I looked at the starmap in vain, trying to plan some sort of route, even consider a destination beyond where we should be next. The most frustrating thing about this in this moment is how much it isn’t a campaign. I almost can’t act, only react. Unfurl the Sunrider’s wings and catch the solar winds to wherever they might take us. I want some solidity, something that can put us on the offensive. A long time ago, someone said that no battles are won by defending. When you defend, you must plan to attack. But what to attack? All known CNI assets are aboard this vessel, and we can’t rely on public comms to make plans - we don’t even have public comms right now, in the deep. The Sunrider can leap around the lines and strike at logistical targets, but where? We can help protect planets, but which planets?
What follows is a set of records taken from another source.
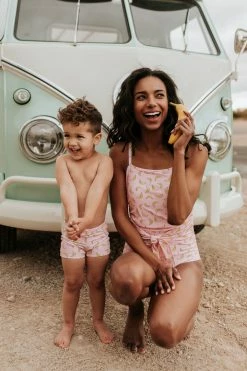 PINK DESERT BOYS EUROPEAN CUT SWIM SHORT IN BUBBLEGUM BANANA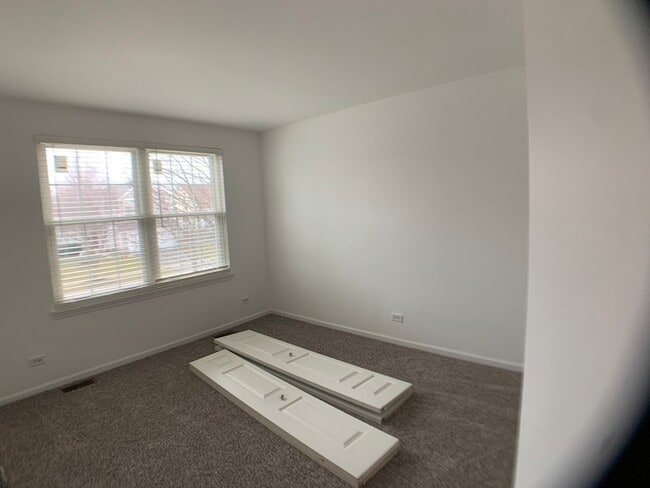 Building Photo - 3270 Haverhill Dr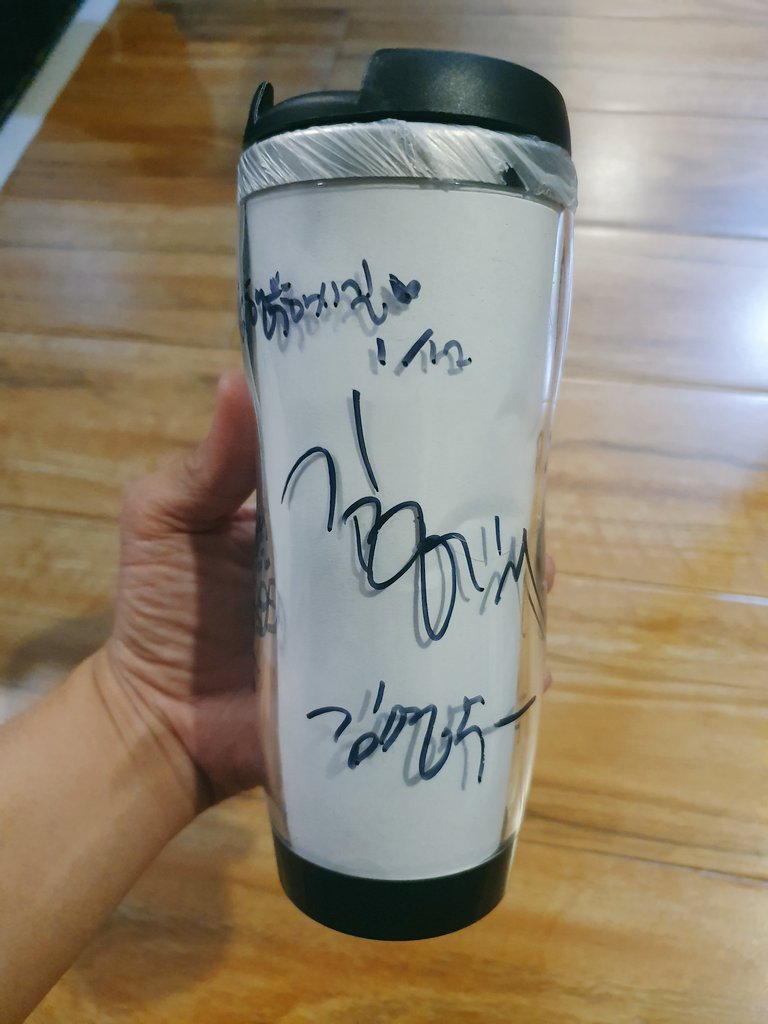 minyasha18's tweet photo. Grabe!! Myungsoo di ko alam mararamdaman ko 😭😭
But I'm super happy that I won the tumbler that you customized (signed+ message) and that bonus selfie w/ U 😭😍🥰❤. I'm very happy to see you in Manila. Hope to see you in your Korea Fan Meet too. 🙏😊
MAHAL KITA!❤❤❤
#KMSinMNL https://t.co/l2nRHD7QMh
I bring up our best guess for the current state of the PACT lines. Which planets are they securing, which worlds can we count on to resist, where would the best supply lines be? Guesswork, guesswork, educated guesswork. After that, where can we get supplies, where might we find more people, all that sort of stuff. Eventually, it’s time. Thirty minutes until we’re setting off. I feel the last of the shipments of ore coming in, as the miners work hard strapping down all the equipment and resources. I rise from my chair, and send the reminder that we are to move out soon, congratulating the crew on their work. To the bridge.
Tydaria is no major hub of industry or commerce. It isn’t some hotbed of resistance. It’s nowhere special. That, indeed, makes it perfect for us. It’s a mining world too, and the Sunrider has fairly advanced manufacturing capabilities. If they supply the materials, I’m confident that we could outfit the world with the seed of Ceran industrial base, and earn a tidy sum.